The survey results were announced during a teleconference the Washington-based advocacy gave to support its assertion automakers should stay the course, and not lobby against 2022-2025 standards.

SEE ALSO: Are Automakers Pushing Back Against US Fuel Economy Standards?

According to Jack Gillis, the CFA’s director of public affairs, news reports indicate automakers have been lobbying for relaxation of standards while demand remains. The CFA during the conference also showed automakers are able to meet their targets now and should be able to continue through 2025.

Gas Mileage Still Important

The CFA’s study noted also 81 percent of Americans surveyed said when they are buying a car, gas mileage would be “important,” and 54 percent said it would be “very important.”

“It is significant that consumers are indicating that fuel economy is an important purchase criterion, and that they expressed support for fuel economy standards at a time when gasoline prices were quite low,” said the CFA interpreting the data. “The survey shows consumers recognize the volatility of gasoline prices and expect them to rise.”

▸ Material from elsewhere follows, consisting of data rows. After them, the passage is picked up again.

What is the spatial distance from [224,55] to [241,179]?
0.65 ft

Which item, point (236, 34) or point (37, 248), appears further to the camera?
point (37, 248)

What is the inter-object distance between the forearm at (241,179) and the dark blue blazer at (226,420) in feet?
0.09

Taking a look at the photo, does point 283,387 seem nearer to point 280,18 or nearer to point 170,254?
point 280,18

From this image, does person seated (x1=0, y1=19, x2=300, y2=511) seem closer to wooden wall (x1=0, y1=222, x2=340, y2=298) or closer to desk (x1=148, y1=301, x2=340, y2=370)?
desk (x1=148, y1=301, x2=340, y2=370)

Source: Consumer Expenditure Survey, various years, CFA March Gasoline Survey. "Since the latest CES data is for 2014, we have adjusted it for the decline in gasoline prices. We show the income category limits for both the CES and the CFA survey. The categories are closely, but not perfectly, aligned."

Source: Consumer Expenditure Survey, various years, CFA March Gasoline Survey. “Since the latest CES data is for 2014, we have adjusted it for the decline in gasoline prices. We show the income category limits for both the CES and the CFA survey. The categories are closely, but not perfectly, aligned.”

As it turns out, the consumers who offeed their opinion on how fast gas prices will rise were relatively in line with official projections for the next five years published by the Energy Information Administration (EIA).

Specifically, Americans surveyed project gas prices to be at or above $3.00 per gallon in five years. The average response was $3.50 per gallon, and one-third of respondents think prices will hit at least $4.00 in five years.

The EIA’s projection for 2020 is $3.20 in nominal dollars per gallon, although a high price scenario of $4.84 projected by the EIA was much higher than the low price case of $2.72 projected.

“We believe respondents’ attitudes reflect not only expected increases in gas prices, but also their household expenditure experience,” continued CFA. “Even at $2.00 a gallon, the average household spends about $1,500 a year on gasoline, which is about as much as the average household spends on electricity or telephone services.”

Source: Consumer Expenditure Survey, various years.

Source: Consumer Expenditure Survey, various years.

American consumer attitudes may also be a reflection of how volatile gas prices have been over the past decade, offered the CFA.

Compared to 2008, including adjustments for inflation, Americans are spending $1,000 less per year for gasoline, and undoubtedly they would like to keep on saving.